From: Stefan Roesch <[email protected]>
To: Jens Axboe <[email protected]>
Cc: [email protected], [email protected],
[email protected],
Olivier Langlois <[email protected]>,
Jakub Kicinski <[email protected]>
Subject: Re: [PATCH v10 2/5] io-uring: add napi busy poll support
Date: Thu, 27 Apr 2023 09:27:02 -0700 [thread overview]
Message-ID: <[email protected]> (raw)
In-Reply-To: <[email protected]>
Jens Axboe <[email protected]> writes:
> On 4/25/23 12:18?PM, Stefan Roesch wrote:
>
> Not too much to complain about, just some minor cleanups that would be
> nice to do.
>
>> diff --git a/include/linux/io_uring_types.h b/include/linux/io_uring_types.h
>> index 1b2a20a42413..2b2ca990ee93 100644
>> --- a/include/linux/io_uring_types.h
>> +++ b/include/linux/io_uring_types.h
>> @@ -277,6 +278,15 @@ struct io_ring_ctx {
>> struct xarray personalities;
>> u32 pers_next;
>>
>> +#ifdef CONFIG_NET_RX_BUSY_POLL
>> + struct list_head napi_list; /* track busy poll napi_id */
>> + spinlock_t napi_lock; /* napi_list lock */
>> +
>> + DECLARE_HASHTABLE(napi_ht, 4);
>> + unsigned int napi_busy_poll_to; /* napi busy poll default timeout */
>> + bool napi_prefer_busy_poll;
>> +#endif
>> +
>
> I don't mind overly long lines if it's warranted, for a comment it is
> not. This should just go above the variable.
>
Fixed.
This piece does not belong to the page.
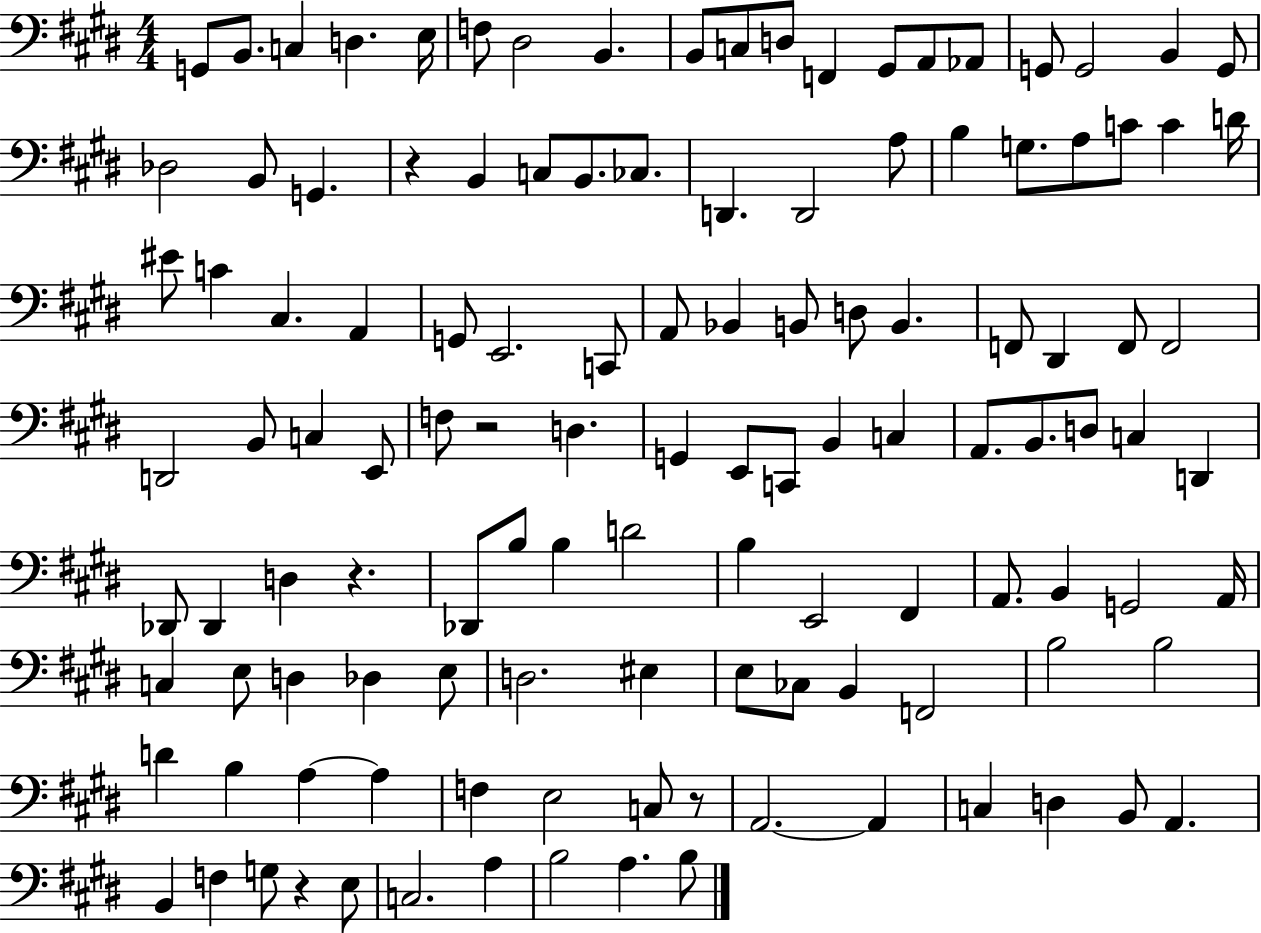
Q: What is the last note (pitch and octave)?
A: B3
I was just following what sq_creds was doing a bit earlier in the
file.
>> diff --git a/io_uring/io_uring.c b/io_uring/io_uring.c
>> index efbd6c9c56e5..fff8f84eb560 100644
>> --- a/io_uring/io_uring.c
>> +++ b/io_uring/io_uring.c
>> iowq.cq_tail = READ_ONCE(ctx->rings->cq.head) + min_events;
>> iowq.timeout = KTIME_MAX;
>>
>> - if (uts) {
>> - struct timespec64 ts;
>> + if (!io_napi(ctx)) {
>> + if (uts) {
>> + struct timespec64 ts;
>>
>> - if (get_timespec64(&ts, uts))
>> - return -EFAULT;
>> - iowq.timeout = ktime_add_ns(timespec64_to_ktime(ts), ktime_get_ns());
>> + if (get_timespec64(&ts, uts))
>> + return -EFAULT;
>> + iowq.timeout = ktime_add_ns(timespec64_to_ktime(ts), ktime_get_ns());
>> + }
>> + } else {
>> + if (uts) {
>> + struct timespec64 ts;
>> +
>> + if (get_timespec64(&ts, uts))
>> + return -EFAULT;
>> +
>> + io_napi_adjust_timeout(ctx, &iowq, &ts);
>> + iowq.timeout = ktime_add_ns(timespec64_to_ktime(ts), ktime_get_ns());
>> + } else {
>> + io_napi_adjust_timeout(ctx, &iowq, NULL);
>> + }
>> + io_napi_busy_loop(ctx, &iowq);
>> }
>
> This is a little bit of a mess and has a lot of duplication, that is not
> ideal. I'd do something like the end-of-email incremental to avoid that.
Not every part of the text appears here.